Work request »
Transcribe the lines below exactly. No image belongs in the transcription.

Data to use »

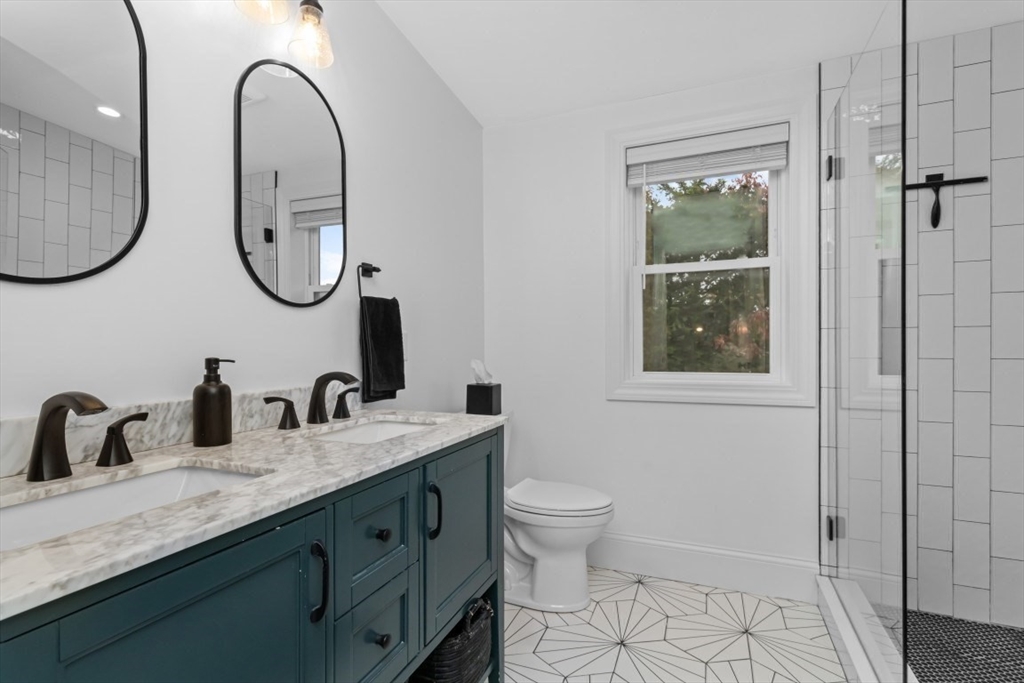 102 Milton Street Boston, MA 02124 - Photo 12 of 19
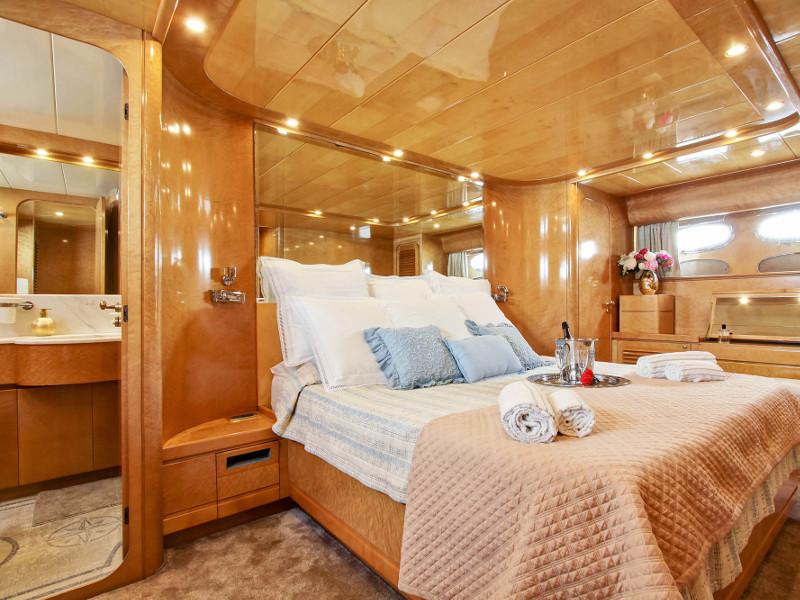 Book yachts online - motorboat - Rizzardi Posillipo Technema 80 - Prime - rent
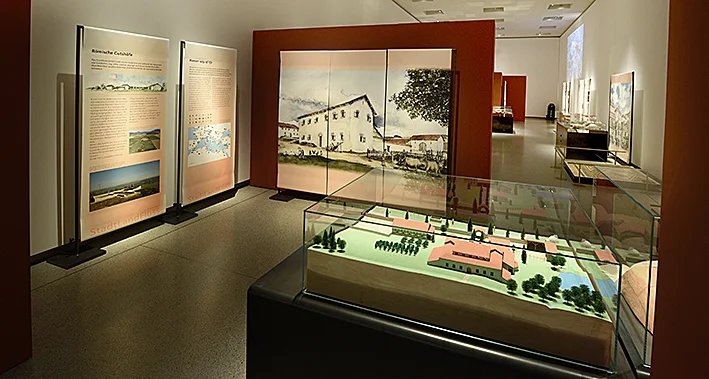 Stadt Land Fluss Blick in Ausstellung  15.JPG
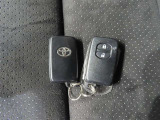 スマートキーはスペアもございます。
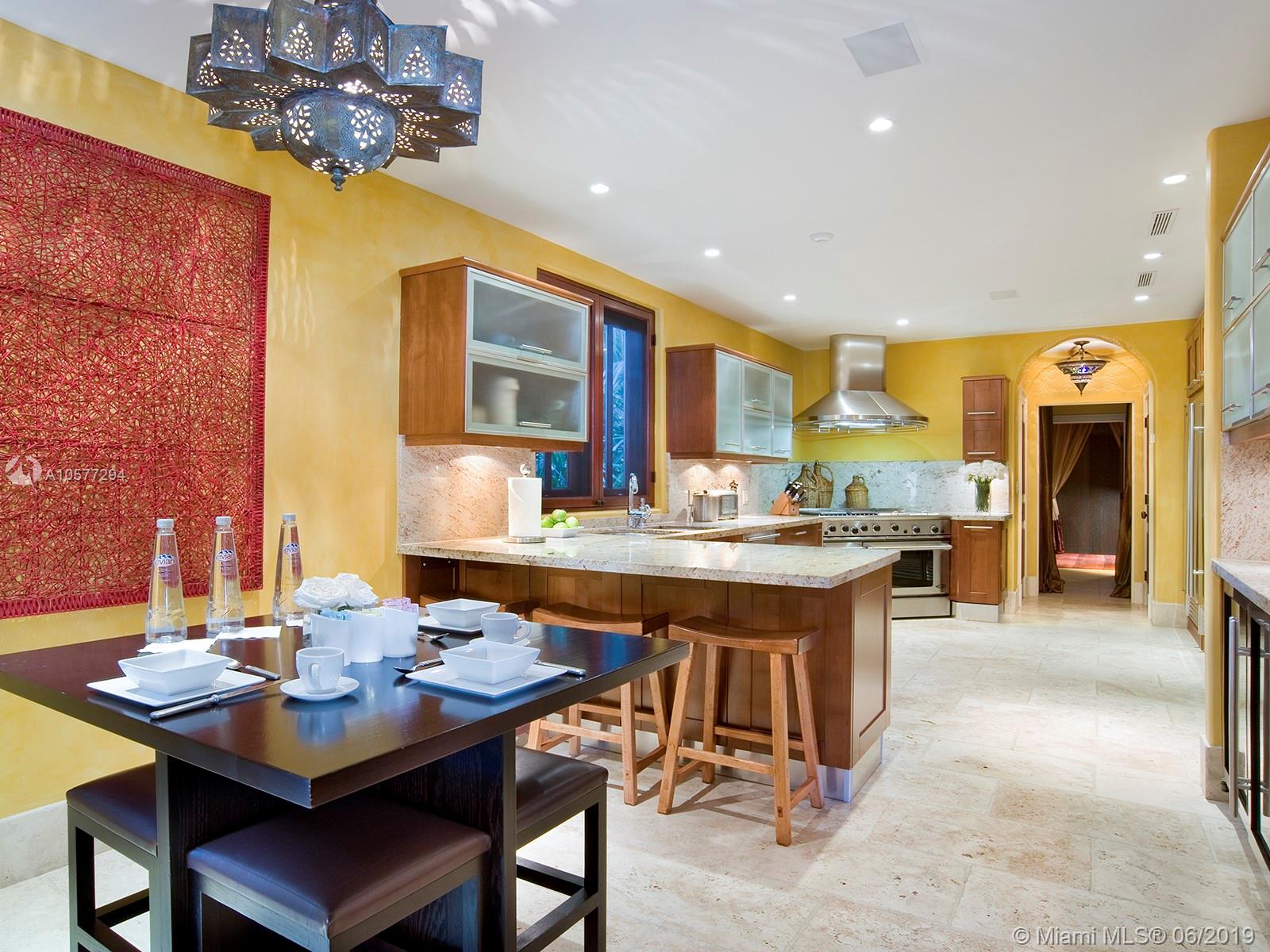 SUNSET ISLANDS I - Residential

Output of the task »
 102 Milton Street Boston, MA 02124 - Photo 12 of 19
 Book yachts online - motorboat - Rizzardi Posillipo Technema 80 - Prime - rent
 Stadt Land Fluss Blick in Ausstellung  15.JPG
 スマートキーはスペアもございます。
 SUNSET ISLANDS I - Residential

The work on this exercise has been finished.